GRAS and the Free Province
Is GRAS (the campaigning group for rescinding the 1993 Act of Synod) opposed to a Free Province for those opposed to women in the priesthood and the episcopate? Instinct predicts that they must be and will be. But logically it is hard to see why.
The objections to the status quo on women’s ordination (of which the Act is a contributory but by no means determinative part) are reasonable and straightforward. They are for the most part shared equally by the opponents of women priests. It is clearly intolerable (and in the long run unsustainable) that Canon A4 should be in permanent suspension and that members of the Church of England should be allowed to deny the orders and refuse the ministry of those whom their Church has legally and properly ordained.
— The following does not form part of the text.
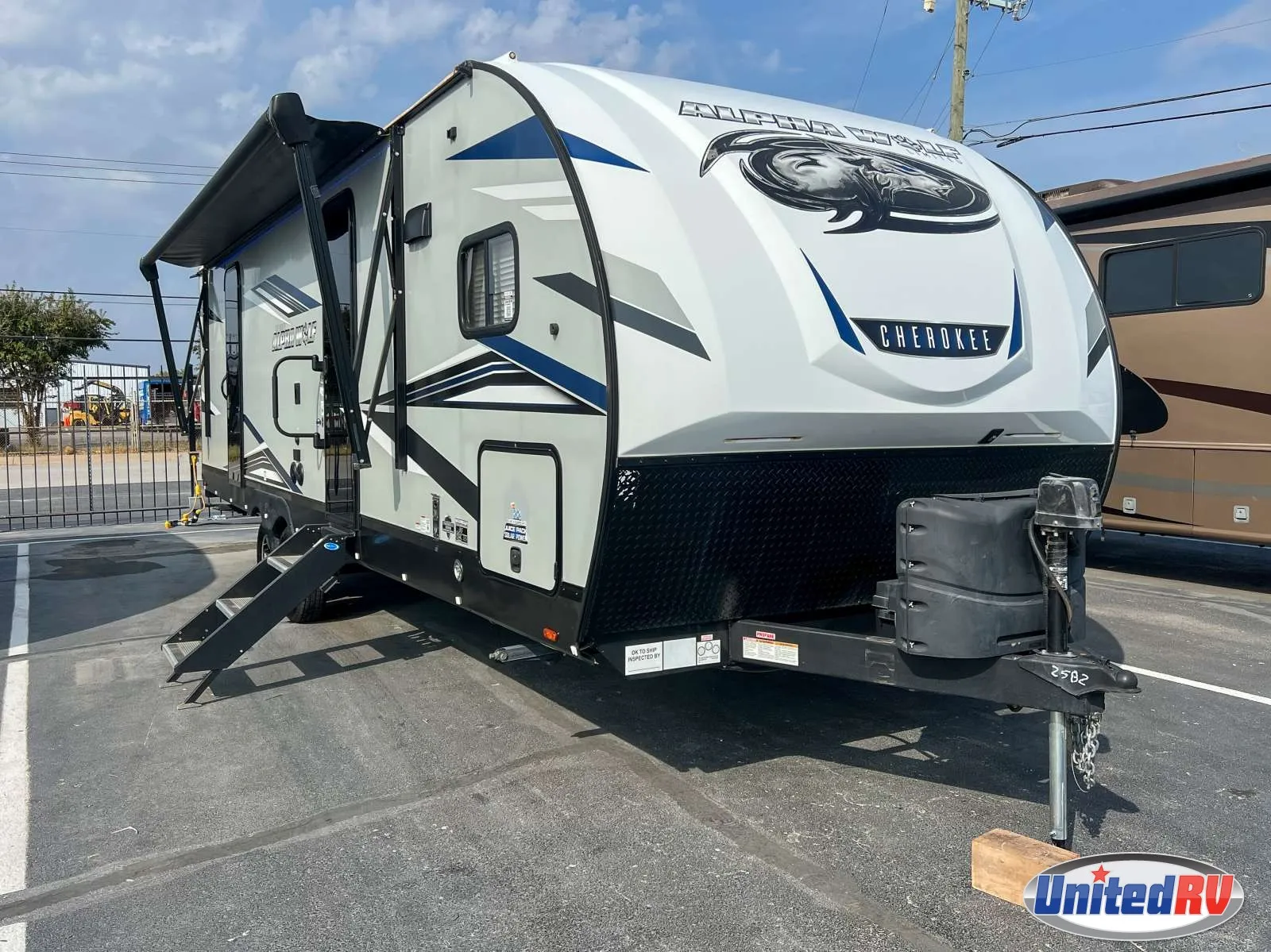 2022 Forest River Cherokee Alpha Wolf 28FK-L - Photo 2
This is not a ‘period of reception’; it is a sacramental anarchy.
But it is not clear how any Anglican (even more one who favours the ordination of women) could marshal those same arguments against a free province. Modern Anglican ecclesiology, after all, asserts that orders must be mutually acceptable and interchangeable within such an autonomous province, but need not be so between provinces. That is how the women priests and bishops got where they are.
By willing and generous participation in the creation of a free and independent province, GRAS could, at a single stroke, achieve its dearest aims and aspirations. Not only would the Act of Synod be redundant, but the schedules of the 1993 Measure could be repealed and the Sex Discrimination Act could freely operate throughout the Church of England in enforcement of the new orthodoxy.
Of course the price of this outbreak of harmony would be the existence of another province in the British Isles which did not ordain women, did not accept their orders and where the writ of the Sex Discrimination Act did not run.
But GRAS could hardly complain at that. They already accept the right to existence of similar independent provinces which share identical positions and opinions. Unless GRAS were willing to adopt the Gilbertian notion that sacramental theology ought necessarily to be decided by postcode, it is hard to see what objection could be raised.